Menteri Riset Teknologi dan Pendidikan Tinggi M Nasir, lewat media, mengecam SGRCS UI dan menyatakan, LGBT dilarang masuk kampus. Dari kalangan pejabat, Nasir tidak sendiri mengutuk LGBTI.

Menurut laporan Human Right Watch, hingga Maret 2016, 17 pejabat dan lembaga pemerintah telah melayangkan kutukan kepada komunitas dan kampanye Hak Asasi Manusia terhadap kelompok LGBTI. Dua bulan saja, LGBTI bagai musuh bersama. Dan peran media, menurut Dina, adalah menyiarkan narasi ketakutan.

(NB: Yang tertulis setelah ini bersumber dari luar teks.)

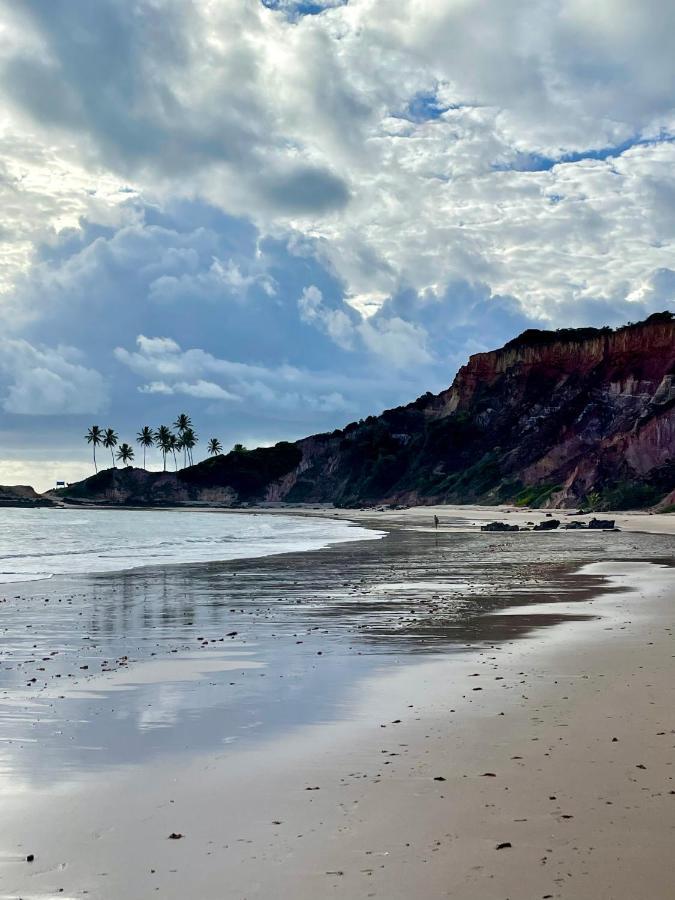 Tabatinga Residence Flat Pe Na Areia I Conde  Luaran gambar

Pemberitaan bernuansa penentangan LGBTI pun, melesat 12 kali lipat dari tahun sebelumnya. Ada 186 berita, menurut studi Arus Pelangi (AP), bersama Kemitraan – Partnership for Governance Reform, dan OutRight Action International.

Melesatnya pemberitaan yang mendiskriminasi kelompok LGBTI, selaras dengan aksi kekerasan dan diskriminasi yang menyasar LGBTI di Indonesia. Dari Januari-Maret 2016 saja, menurut Arus Pelangi, ada 142 kasus. Pelaku adalah aparat Negara`(27%), Organisasi Masyarakat (27%), dan media (22%).

Setahun berikutnya, masuk babak persekusi. Setelah kebencian-kebencian bermunculan, entah bagaimana kata Dina, penertiban LGBTI bekerja. Atas nama moral, polisi merasa perlu ‘menertibkan’ kelompok LGBTI. Dari bawah, masyarakat mendorong aparat hukum mengkriminalisasi orang LGBTI, karena dianggap sebuah ‘ancaman.’

Tahun 2017, situasi mencekam. Kegiatan berbau LGBTI santer dibubarkan paksa, meski hanya sekadar diskusi. Di Sulsel, Pekan Olahraga dan Seni (Porseni) Waria-Bissu dihentikan Polisi. Ratusan situs yang mengkampanyekan hak LGBTI tak luput diblokir pemerintah. Media mulai mengaitkan orientasi seks dengan perilaku kejahatan. Sementara kekerasan menyasar orang LGBTI terus berlanjut.

Di sisi lain, sementara kampanye homophobia dan transphobia meluas, kelompok konservatif—kantong gerakan menentang LGBTI—berkecambah begitu cepat melalui budaya populer–yang menggaet banyak kawula muda.

“Tahun 2018 itu, sudah jelas-jelas memperjuangkan kriminalisasi. Dan ada daerah yang melakukan kriminalisasi itu. Di Sumatera Barat (Pariaman) itu sudah muncul Perdanya. Dan ‘berhasil’,” kata Dina.

Penanda meruaknya kepanikan moral menurut Dina, ketika upaya kriminalisasi dijalankan.

Inilah fase dimana media tidak memberikan ruang pada minoritas sebagaimana seharusnya, namun setali tiga uang dengan kebijakan negara, media ikut membenci, menjadikan ruang kebencian pada LGBT.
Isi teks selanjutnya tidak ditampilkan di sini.